Many are concerned this could be the wettest storm the area has seen since the Detwiler Fire.
Mariposa County Public Works Director Mike Healy explains, "If we do get some high winds, we generally get some trees falling, especially after the Detwiler Fire. Trees that are weakened by the fire, or even last February's storms. It's been a perfect mix of bad conditions."
Public Works crews cut down some of those dangerous trees on Tuesday.
They've also laid more than 50,000 feet of protection along hillsides throughout Mariposa County.
People who live near the burn scars are also getting their own homes prepared.
Jessica Sarnoff tells us what her family has done to prepare, "Towels by our door to help keep massive amounts of water from pouring in, (plugging in) a manual water pump outside."
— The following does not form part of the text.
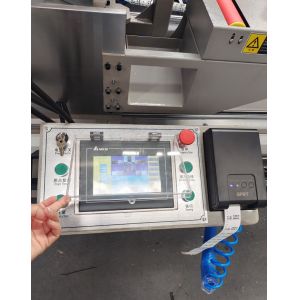 550mm Saw Blade CNC Double Mitre Cutting Saw For Aluminium Upvc Window Door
Sarnoff says the county recently came and repaired the drainage system along the area, however, the runoff is still a concern.
"There have been some rocks coming down, and I've seen mud starting, so I'm getting a little worried because I don't drive a 4 wheel drive car."
Past rains have already caused some problems. The Mariposa County Sheriff's Office responded recently to a mudslide near Bear Valley Road and the Bagby Bridge.
With a storm heading their way, they expect it to happen again
"We do anticipate some erosion issues, mudslide issues," said Mariposa County Sheriff Doug Binnewies. "The burn scar areas, we'll have several folks watching those."
Caltrans has re-opened that road. Officials say they've hired a contractor to evaluate slopes impacted by the fire and work on them to prevent future disasters.
Until then, both Mariposa County and Caltrans crews will be out in full force, keeping an eye on burn scars, and hoping they don't reopen.